■ GIVEN ENTRIES:
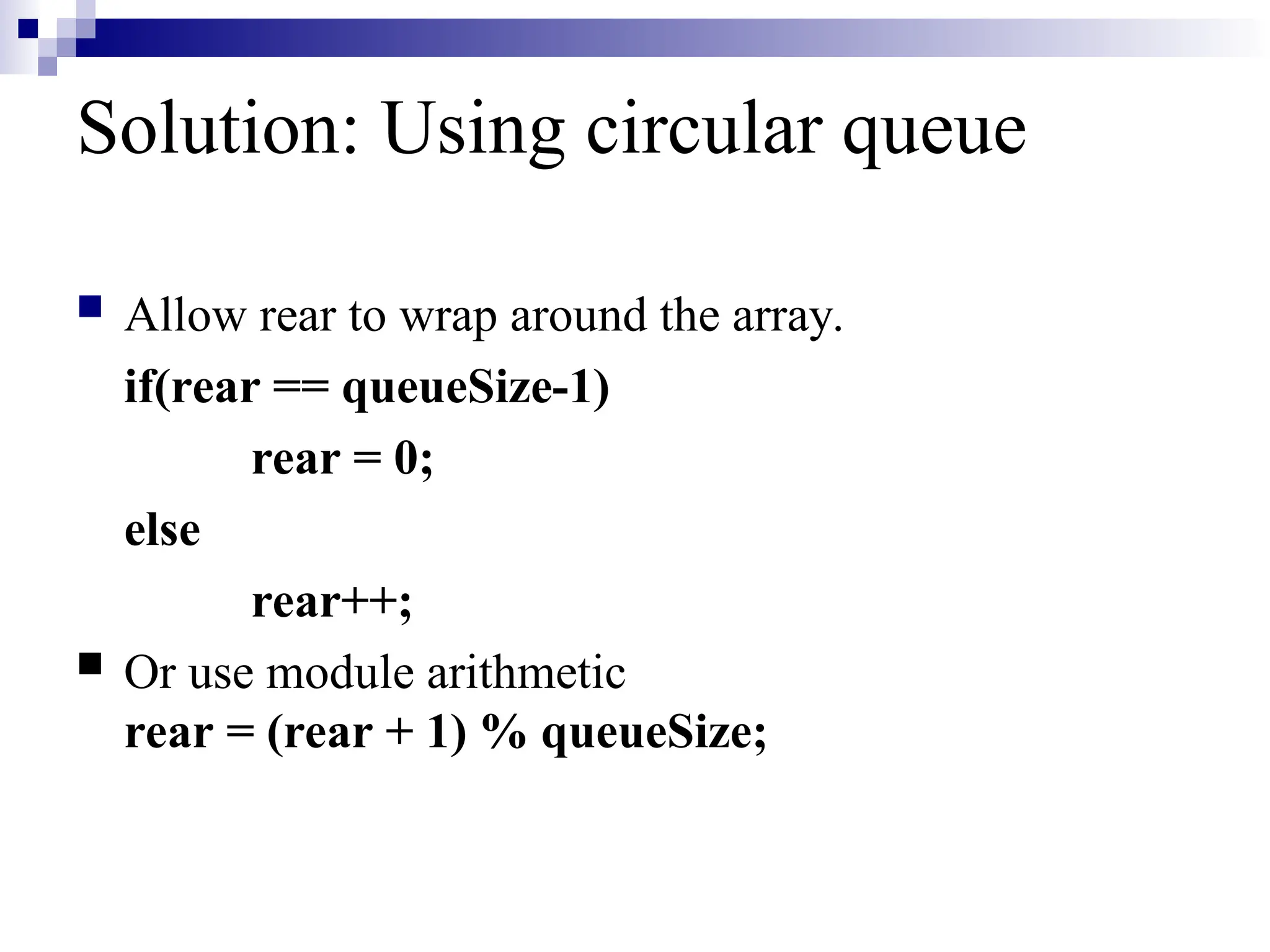 Solution: Using circular queue
 Allow rear to wrap around the array.
if(rear == queueSize-1)
rear = 0;
else
rear++;
 Or use module arithmetic
rear = (rear + 1) % queueSize;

■ THE PROBLEM:
Every record above should reappear exactly, with the pictures gone.

■ SOLUTION:
 Solution: Using circular queue
 Allow rear to wrap around the array.
if(rear == queueSize-1)
rear = 0;
else
rear++;
 Or use module arithmetic
rear = (rear + 1) % queueSize;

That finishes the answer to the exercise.